### [MATERIAL FOR THE TASK]

+ + +

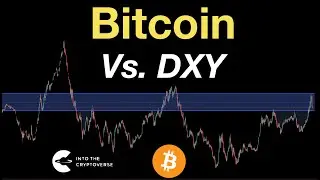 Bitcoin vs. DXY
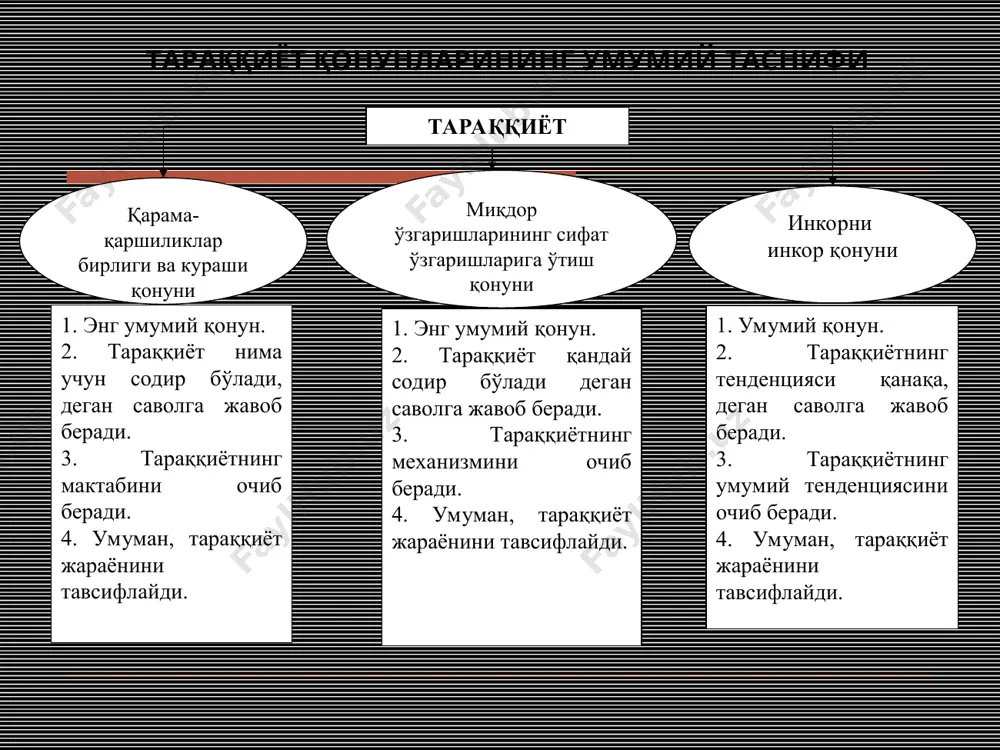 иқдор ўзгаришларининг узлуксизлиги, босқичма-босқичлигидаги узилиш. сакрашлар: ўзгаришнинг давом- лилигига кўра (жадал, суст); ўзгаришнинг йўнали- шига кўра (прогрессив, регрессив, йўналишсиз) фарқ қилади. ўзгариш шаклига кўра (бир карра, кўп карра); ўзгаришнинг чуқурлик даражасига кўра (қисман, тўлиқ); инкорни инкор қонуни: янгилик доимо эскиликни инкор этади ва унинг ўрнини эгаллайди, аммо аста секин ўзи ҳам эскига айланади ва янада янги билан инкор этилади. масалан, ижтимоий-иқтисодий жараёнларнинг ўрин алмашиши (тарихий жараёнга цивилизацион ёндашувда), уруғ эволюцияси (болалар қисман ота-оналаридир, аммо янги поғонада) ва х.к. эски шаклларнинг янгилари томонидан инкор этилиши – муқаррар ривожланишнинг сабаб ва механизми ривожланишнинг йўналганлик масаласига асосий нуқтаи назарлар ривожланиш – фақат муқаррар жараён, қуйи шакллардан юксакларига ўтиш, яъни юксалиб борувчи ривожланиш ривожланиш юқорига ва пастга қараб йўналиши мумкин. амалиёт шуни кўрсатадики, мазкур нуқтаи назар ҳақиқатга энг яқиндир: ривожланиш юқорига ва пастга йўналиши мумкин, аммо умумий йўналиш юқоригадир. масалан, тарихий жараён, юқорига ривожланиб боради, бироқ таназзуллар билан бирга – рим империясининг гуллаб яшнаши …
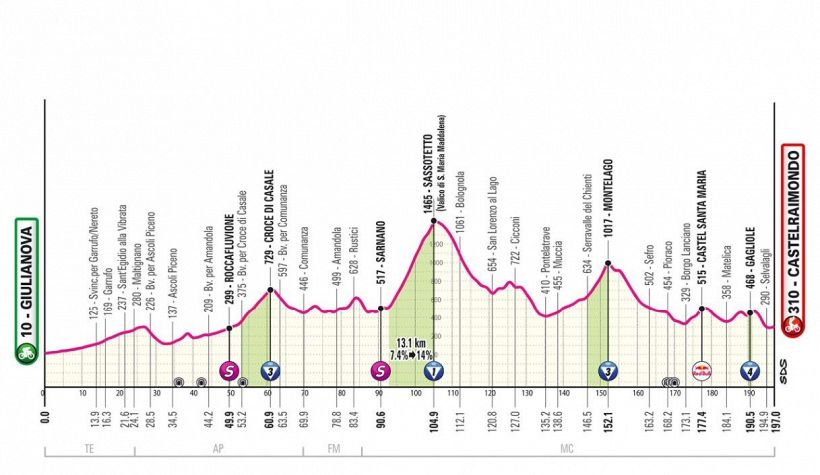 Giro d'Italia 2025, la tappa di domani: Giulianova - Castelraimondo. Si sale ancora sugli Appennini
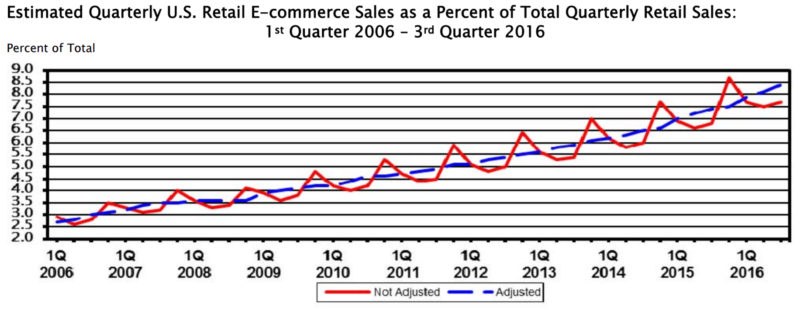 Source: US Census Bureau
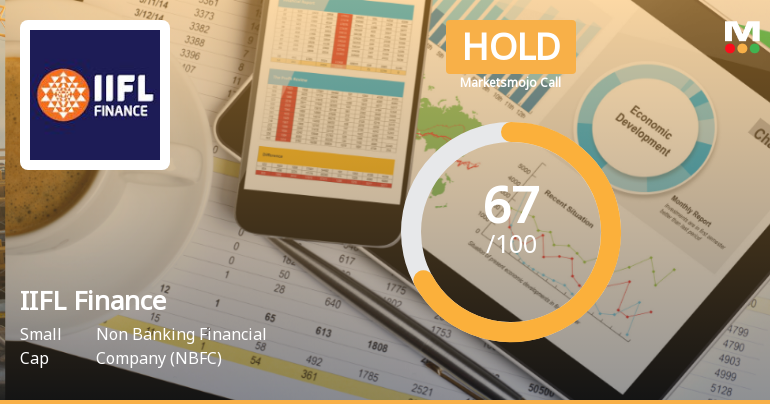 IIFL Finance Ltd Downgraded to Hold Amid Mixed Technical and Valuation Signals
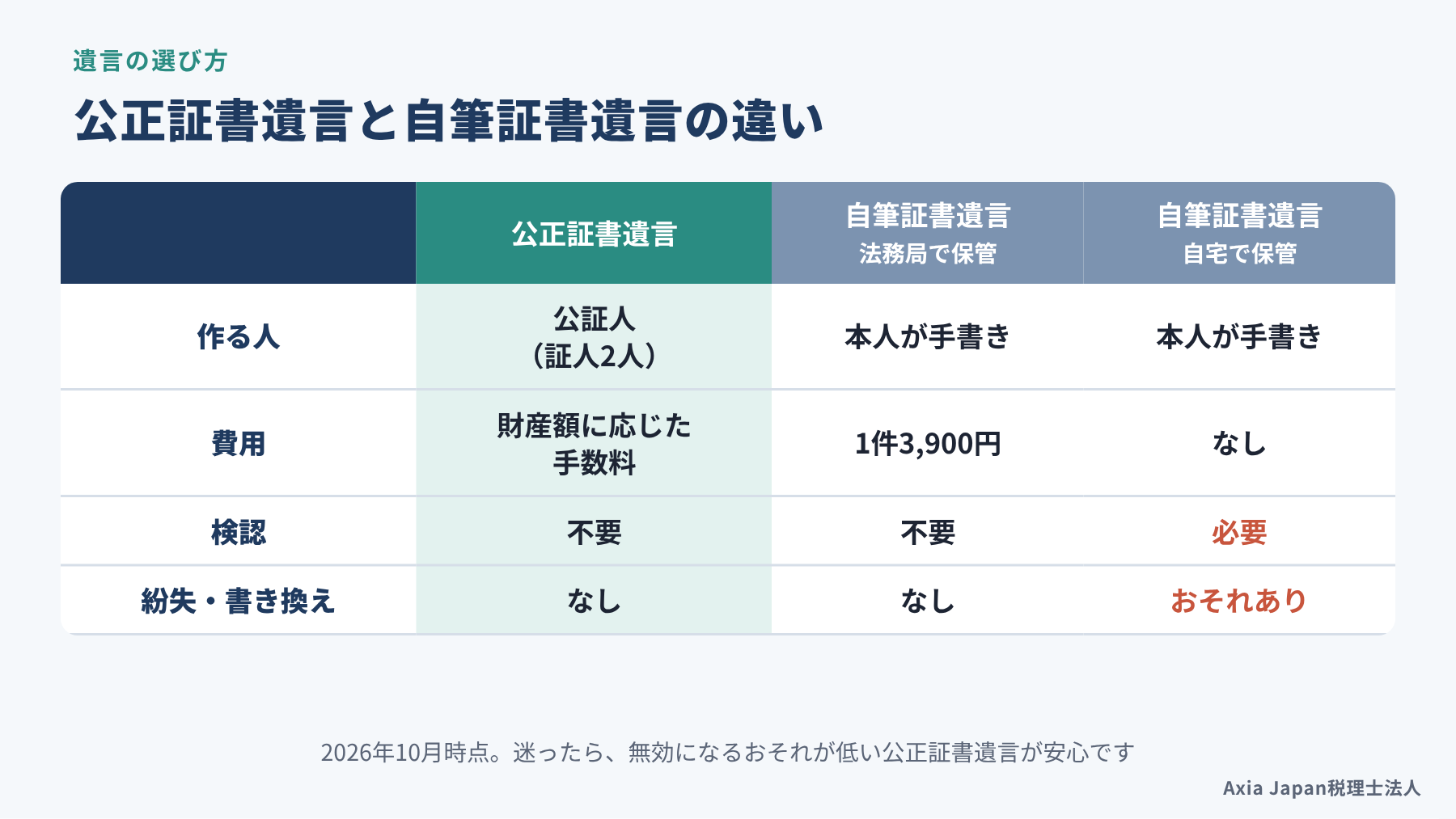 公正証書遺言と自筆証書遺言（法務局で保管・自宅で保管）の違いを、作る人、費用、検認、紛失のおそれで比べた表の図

+ + +

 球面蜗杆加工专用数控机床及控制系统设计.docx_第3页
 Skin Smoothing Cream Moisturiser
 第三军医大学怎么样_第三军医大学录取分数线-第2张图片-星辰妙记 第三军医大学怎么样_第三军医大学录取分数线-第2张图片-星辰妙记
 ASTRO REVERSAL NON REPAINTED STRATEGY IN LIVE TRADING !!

+ + +

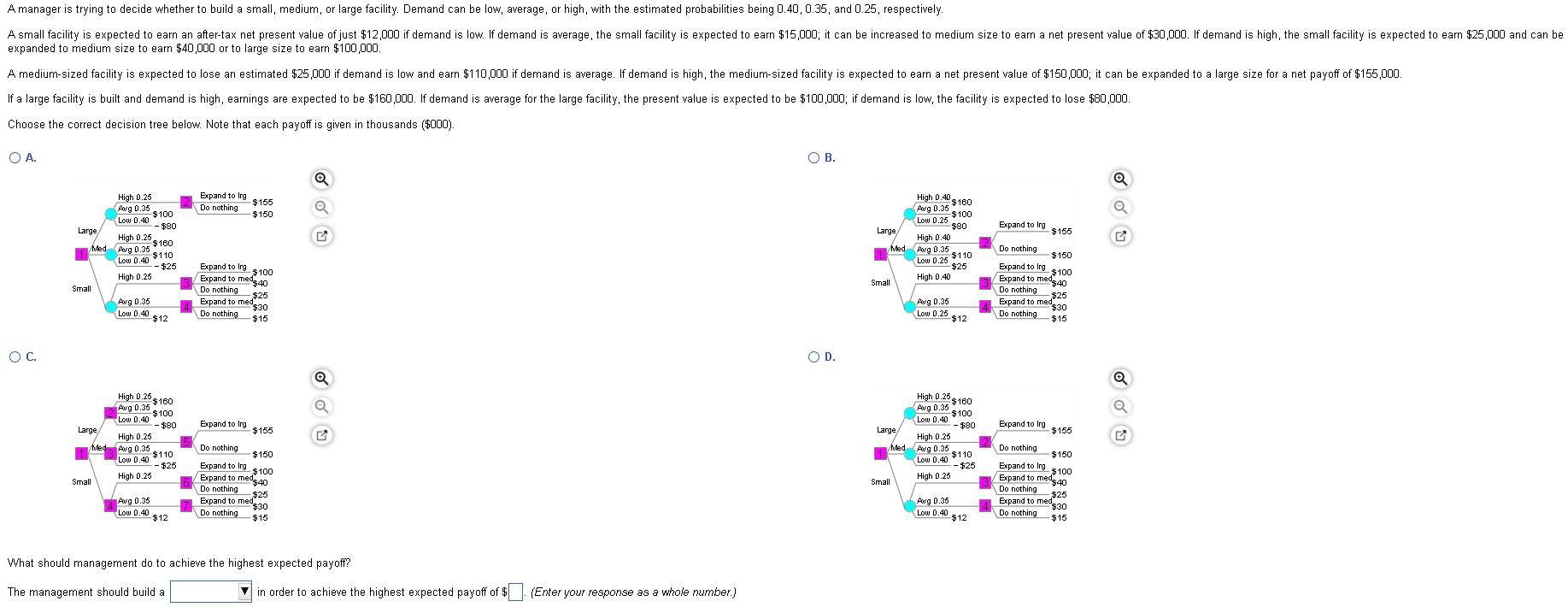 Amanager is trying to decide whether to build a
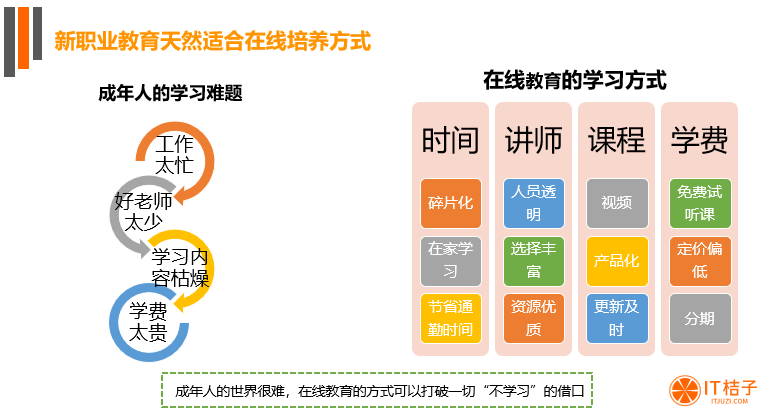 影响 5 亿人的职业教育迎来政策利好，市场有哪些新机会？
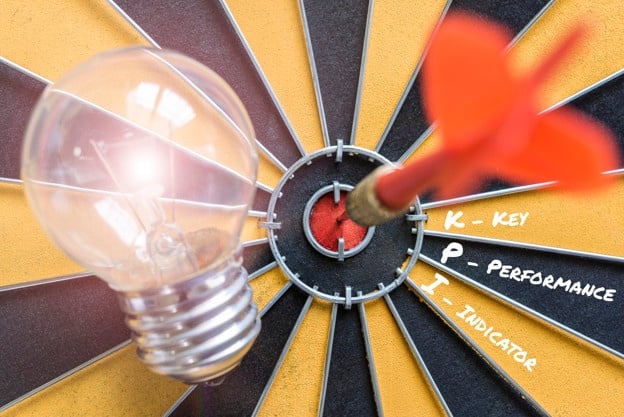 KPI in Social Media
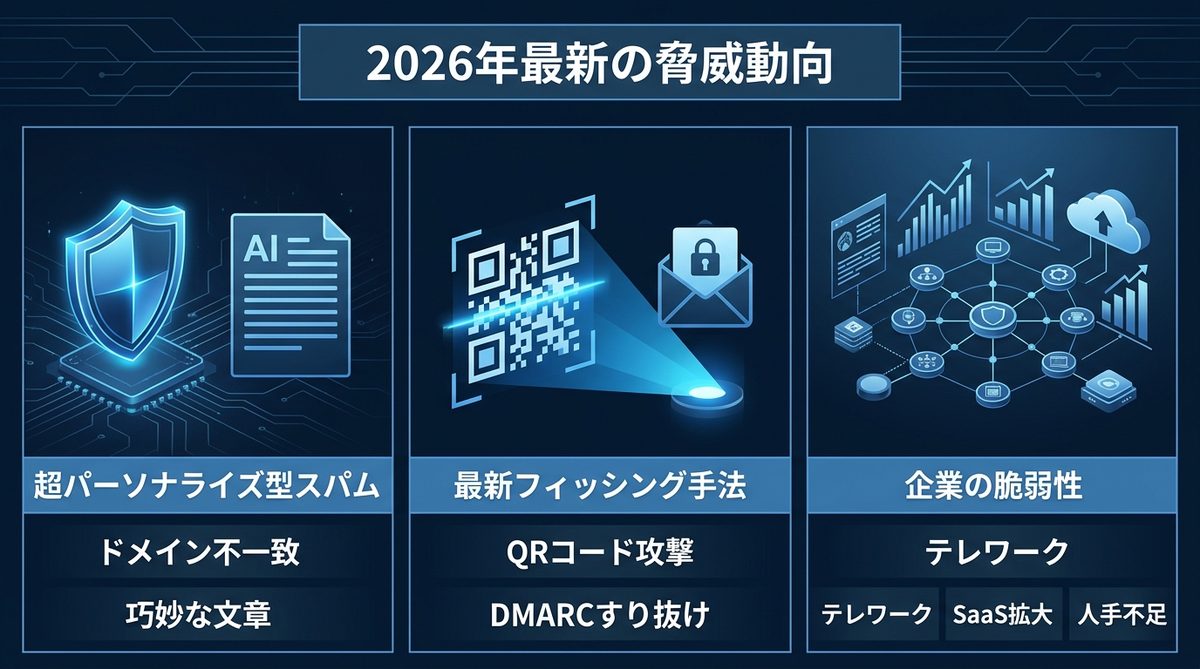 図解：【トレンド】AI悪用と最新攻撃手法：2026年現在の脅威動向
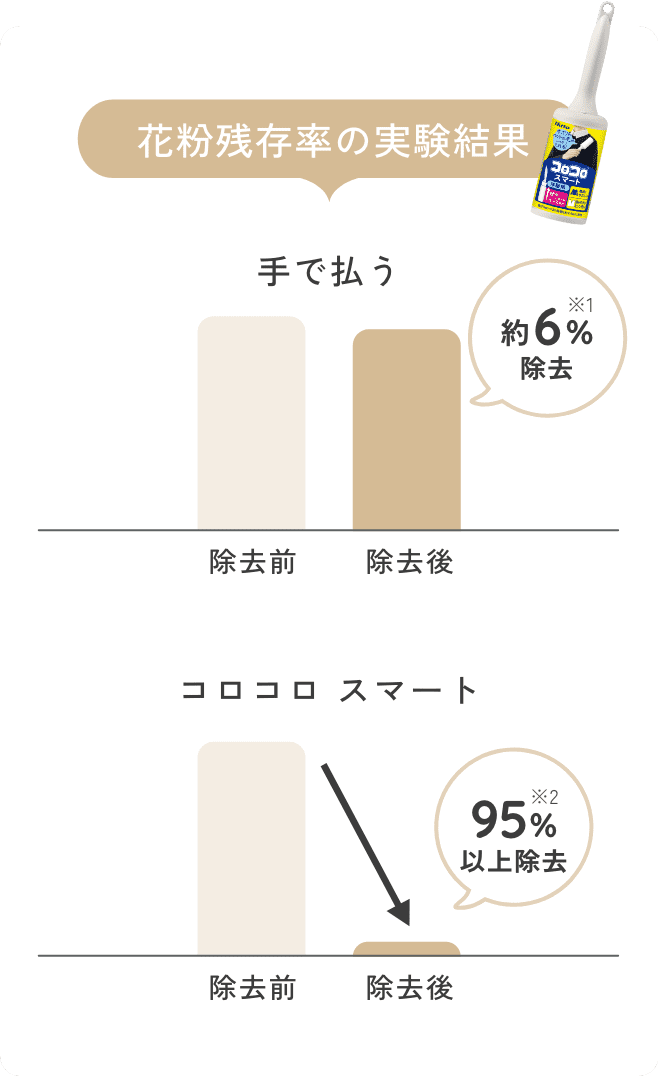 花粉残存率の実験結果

+ + +

### [WHAT IS EXPECTED]
Would you write out exactly the lines above, starting at the line containing "IIFL Finance Ltd" and stopping after the line containing "公正証書遺言と自筆証書遺言（"? Omit the pictures.

### [ANSWER SPACE]
 IIFL Finance Ltd Downgraded to Hold Amid Mixed Technical and Valuation Signals
 公正証書遺言と自筆証書遺言（法務局で保管・自宅で保管）の違いを、作る人、費用、検認、紛失のおそれで比べた表の図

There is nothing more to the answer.